Making theatre is a playful, collaborative, and vulnerable process.  It challenges us to draw upon our powers of physical presence, tone of voice and intention in shaping characters and relationships.  In a Waldorf school, theatre is an opportunity for students to experience the dialogue of the many art forms they practice and to synthesize these in illuminating the themes, myths and stories from their curriculum to the stage.  Faculty share and expand their skills through collaboration and parents are brought into the process to create costumes, props and scenic elements. Ultimately, the students are empowered as they step out of their comfort zones, draw upon their will to do the rigorous work of making a production and generously share a story with their audience. 

This year at Waldorf School of Bend we began with the Jr.
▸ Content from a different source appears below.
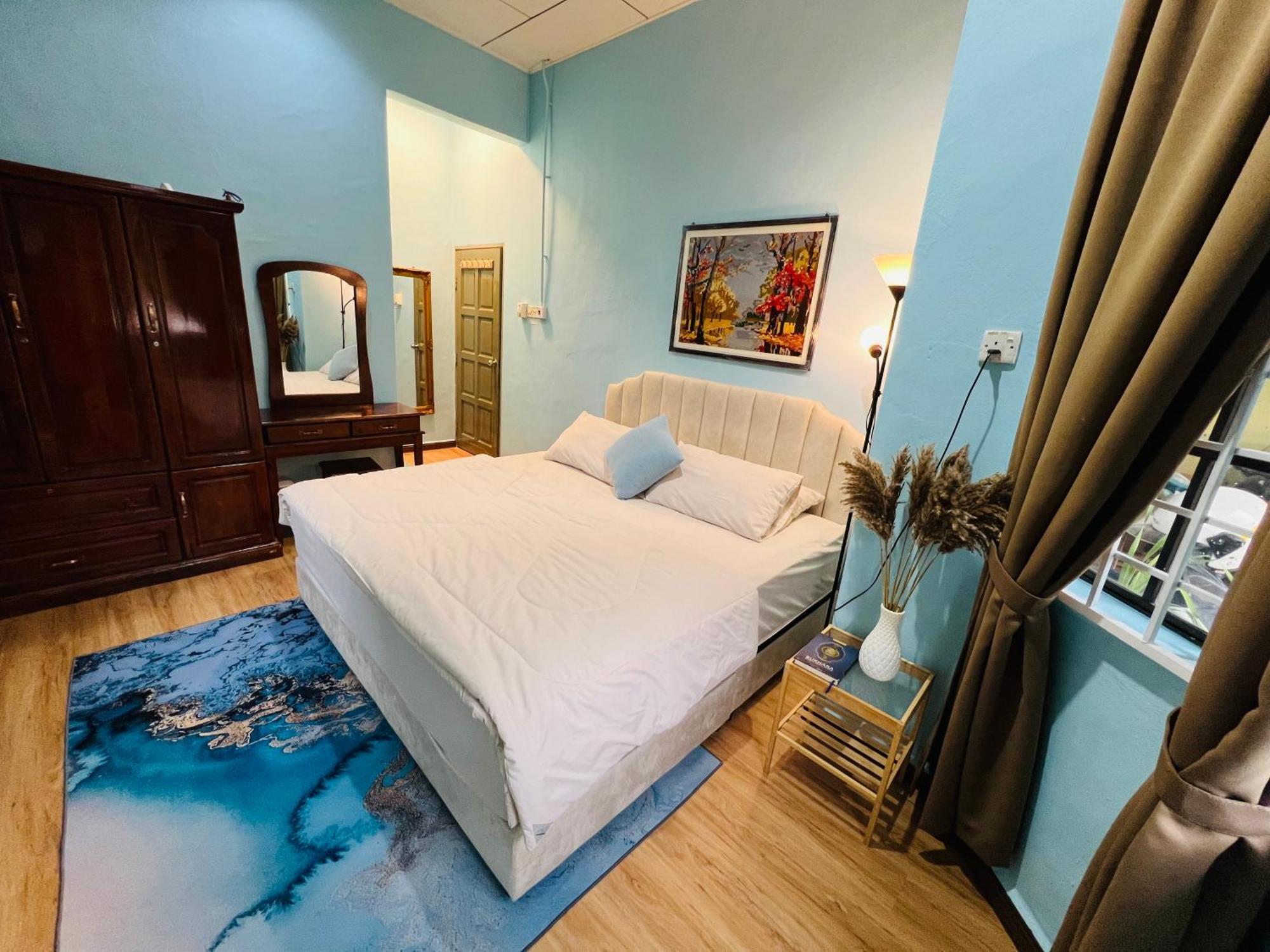 Apartment Pulai Field Aa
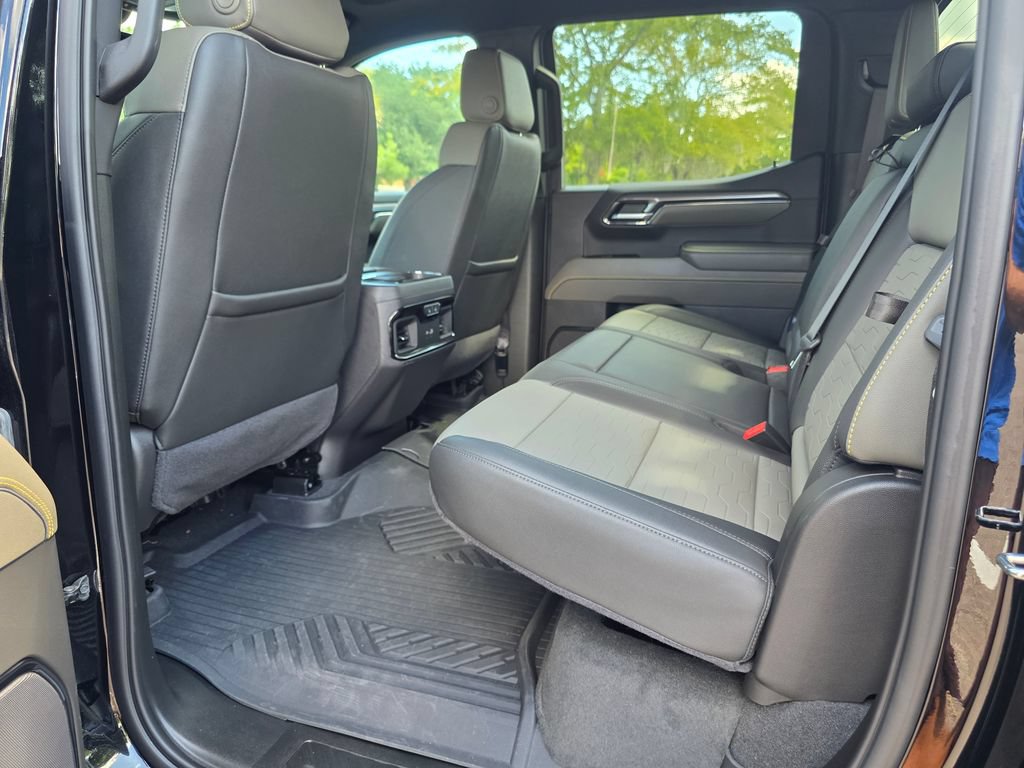 Used 2024 Chevrolet Silverado 1500 ZR2 w/ ZR2 Bison Edition AWD/4WD image 33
High stepping deeply into the unknown as they worked on an entirely original, ensemble performance, Somewhere in the Universe, that revolved around ancient themes of forgiveness.  The tiny but mighty 6th grade made a full production with just three players portraying a cast of characters in shadow puppetry and live performance with their original adaptation of The Prince and the Pauper.  The Fifth grade boldly took on the Greek myth of The Light of Isis and Osiris creating choreography, costumes and lighting reflective of a strong focus on the production aspects of theatre.  The exuberance of our fourth grade brought our community the gift of humor with their raucous and playful performance of The Three Trials of Thor.  The third grade drew upon it’s depth and power and the simplicity of the aural tradition in their performance of our WSB original adaptation of The Legend of the Indian Paintbrush. Finally, the first and second grades created ensemble magic and strength in their joyous telling of Ms. Elmore’s The Elves and the Shoemaker.  Each class developed a process, came up against unique challenges and joys, and all found courage and compassion as they stepped beyond themselves into the lives of others.

Rudolf Steiner said that “The need for imagination, a sense of truth, and a feeling of responsibility – are the very nerve of education.”  Students creating performances and theatre from their imaginations and their sense of truth, with the feeling of responsibility that comes with the intensity of ensemble collaboration is at the heart of making theatre; it is an embodiment of Steiner’s observation.